▸ **Your assignment**: Retype exactly the lines from the one containing "Hallan a hombre" through the last line of the records below, including both, and leave out any pictures.

▸ **Saved entries**:
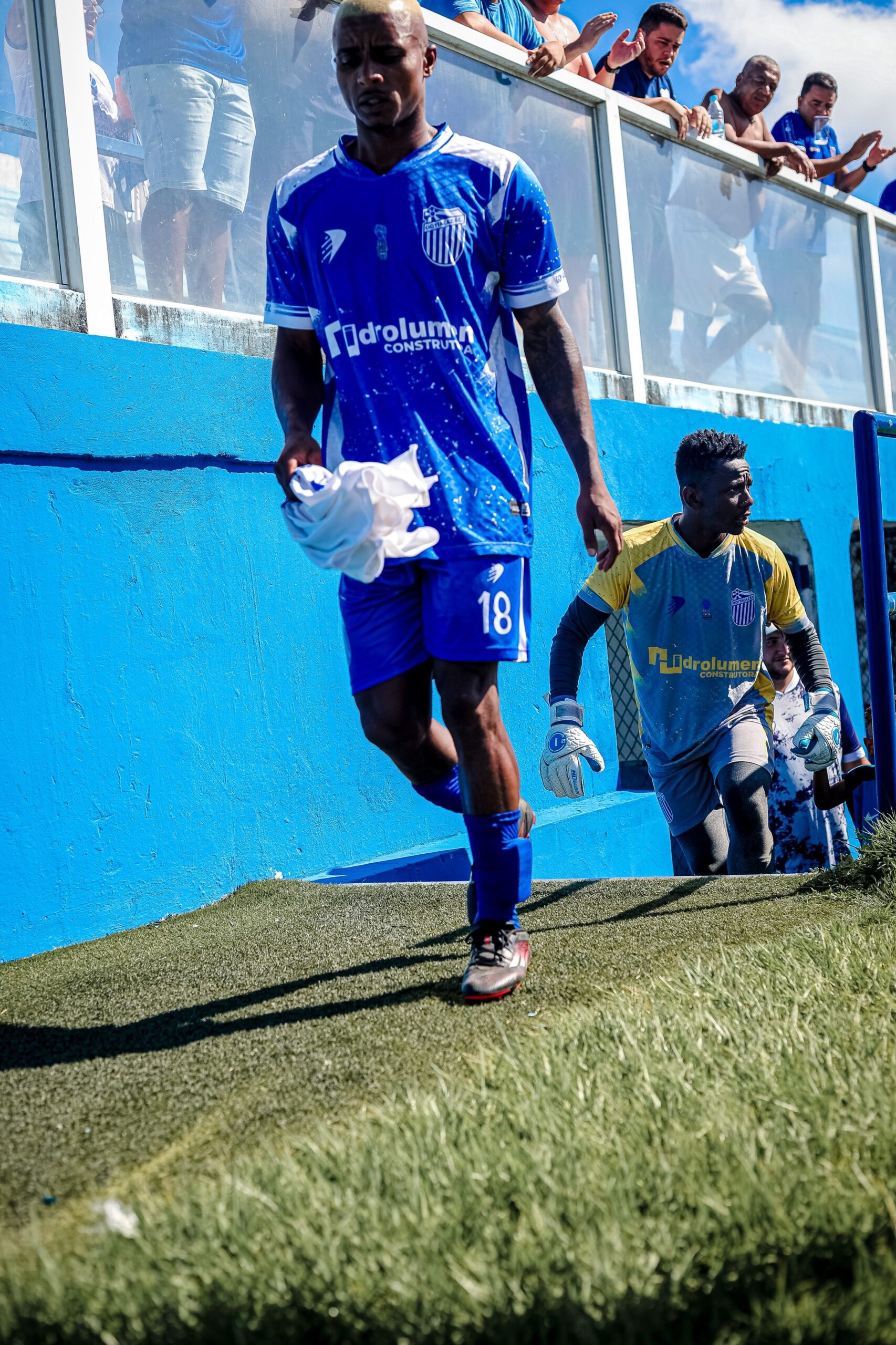 Grato pela chance, atacante conta como é jogar com tornozeleira eletrônica: “Atrapalha bastante”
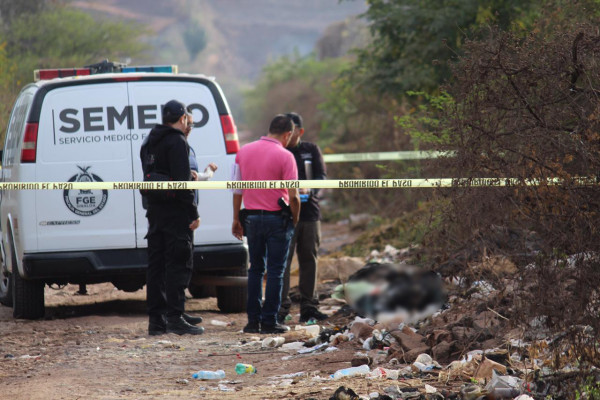 Hallan a hombre asesinado a balazos y carbonizado, entre la basura, en Culiacán
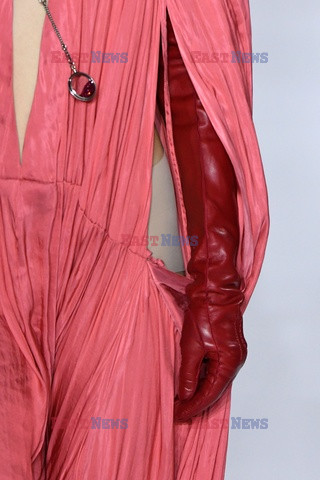 Ann Demeulemeester detaiis details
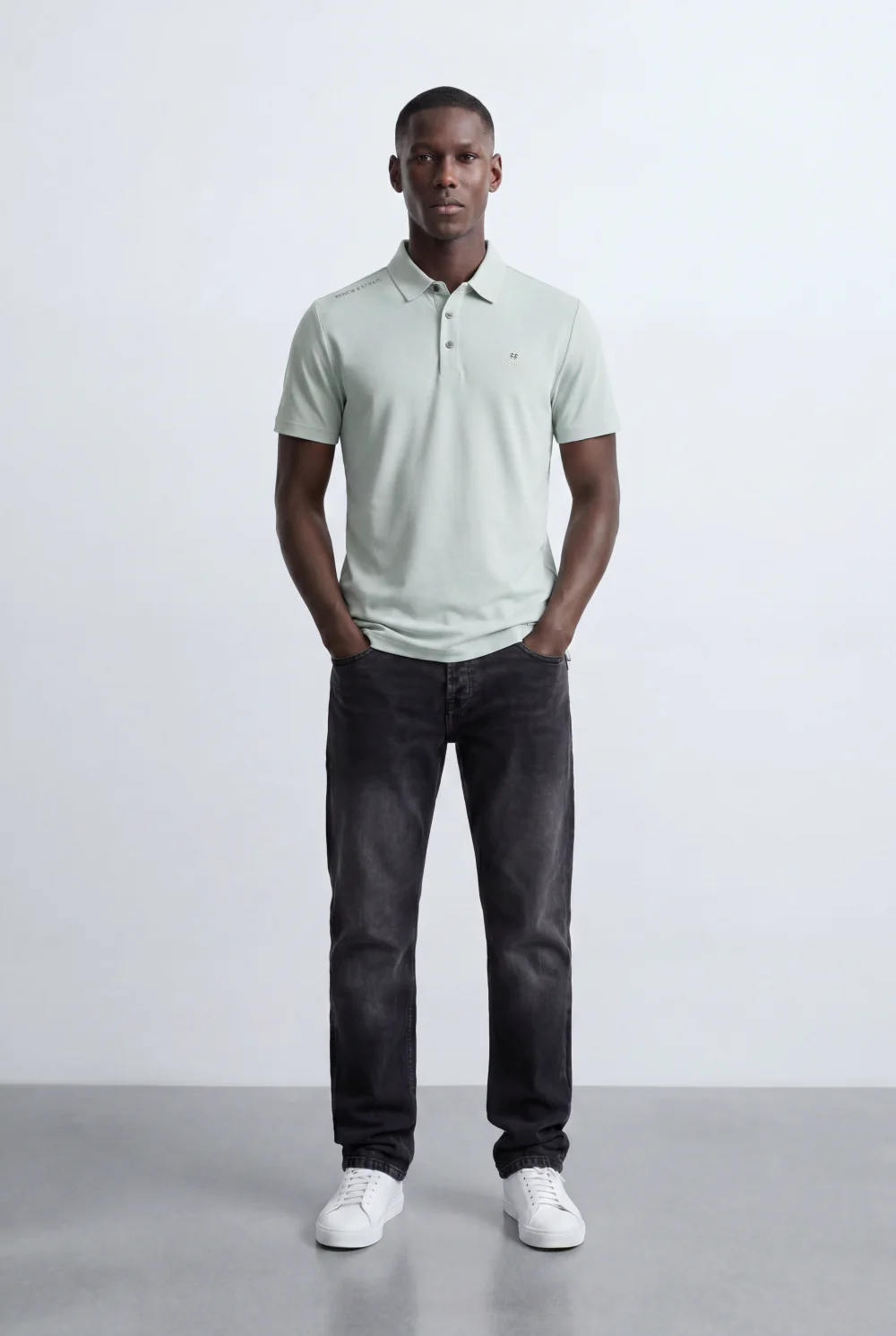 Men’s Tomato Store Refined Polo Shirt Embroidered Chest Detail Classic Collar Structure Button Placket T-Shirt - Image 15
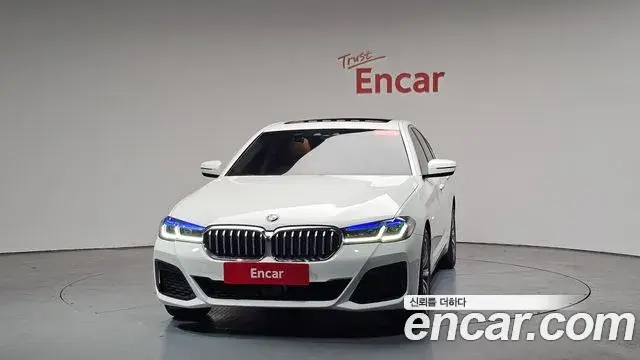 BMW 5 Series 2018 — Şəkil 31/34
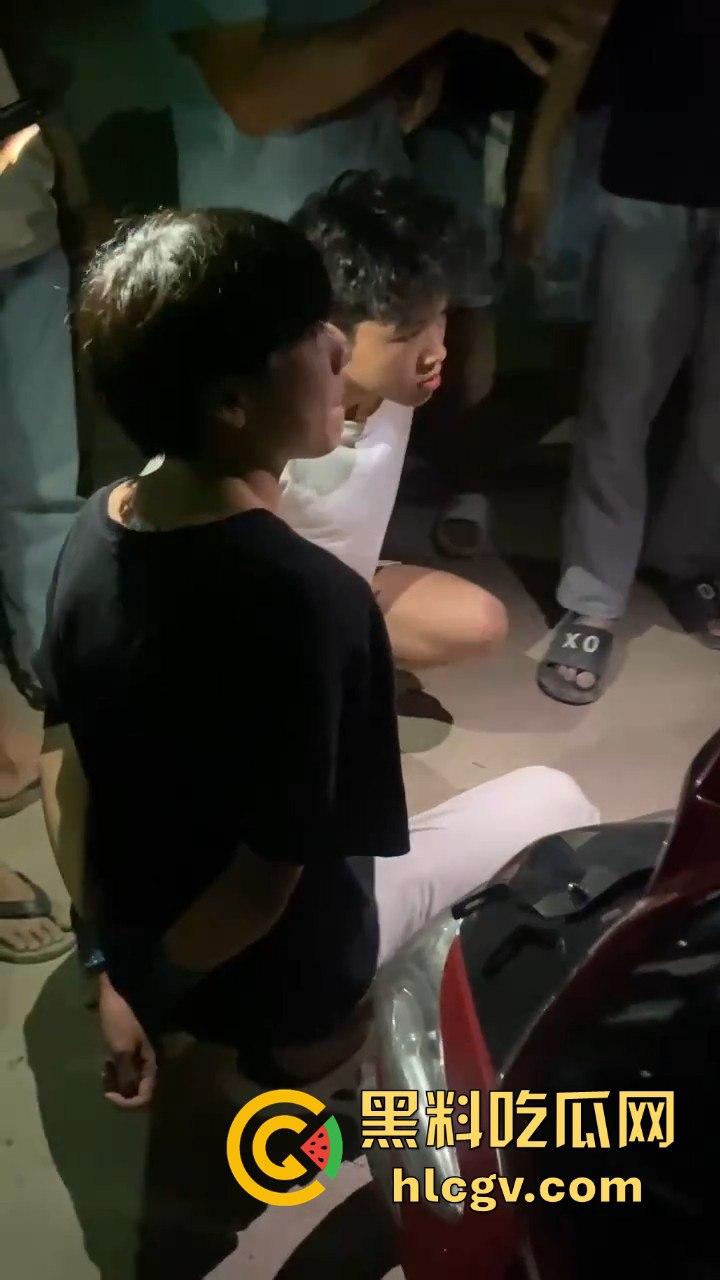 饶平霞东公园精神小伙偷车被当场抓获,装逼不成反成笑话!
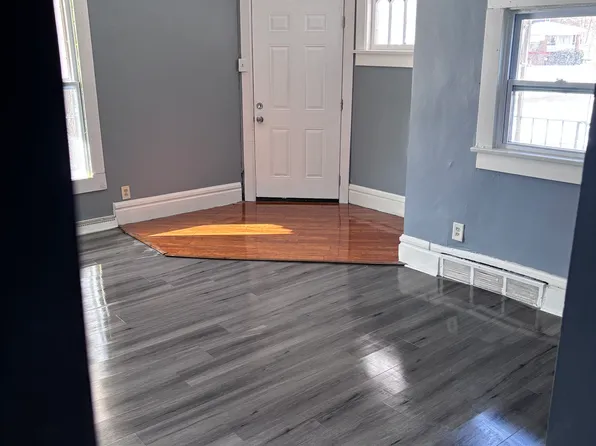 721 Sumner St, Akron, OH 44311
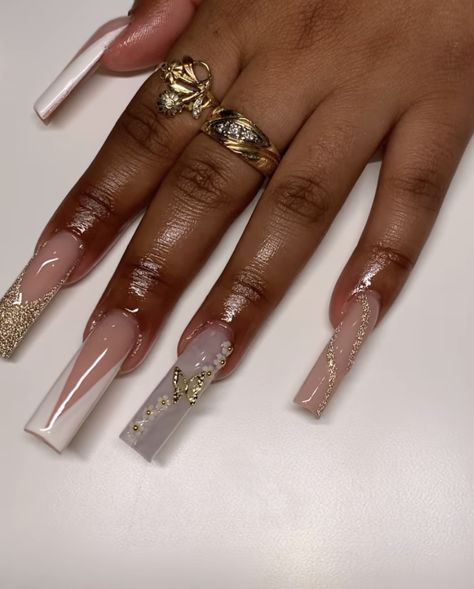 Nails To Go With A Champagne Dress, Birthday Nails Gold, Gold Birthday Nails, Gold Nails Prom, Nails Xoxo, Prom 2k24, Red And Gold Nails, Gold Acrylic Nails, Classy Acrylic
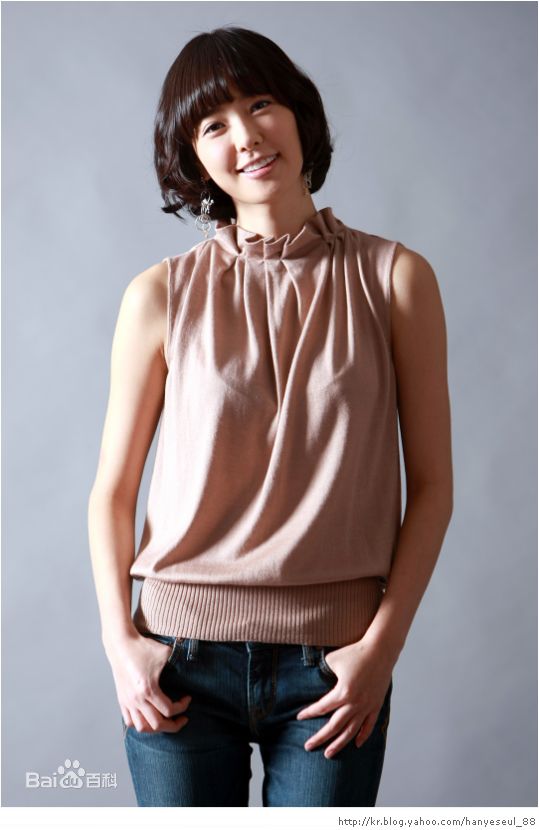 孙泰英(，SON TAE-YEONG)艺术照壁纸壁纸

▸ **The completed task**:
 Hallan a hombre asesinado a balazos y carbonizado, entre la basura, en Culiacán
 Ann Demeulemeester detaiis details
 Men’s Tomato Store Refined Polo Shirt Embroidered Chest Detail Classic Collar Structure Button Placket T-Shirt - Image 15
 BMW 5 Series 2018 — Şəkil 31/34
 饶平霞东公园精神小伙偷车被当场抓获,装逼不成反成笑话!
 721 Sumner St, Akron, OH 44311
 Nails To Go With A Champagne Dress, Birthday Nails Gold, Gold Birthday Nails, Gold Nails Prom, Nails Xoxo, Prom 2k24, Red And Gold Nails, Gold Acrylic Nails, Classy Acrylic
 孙泰英(，SON TAE-YEONG)艺术照壁纸壁纸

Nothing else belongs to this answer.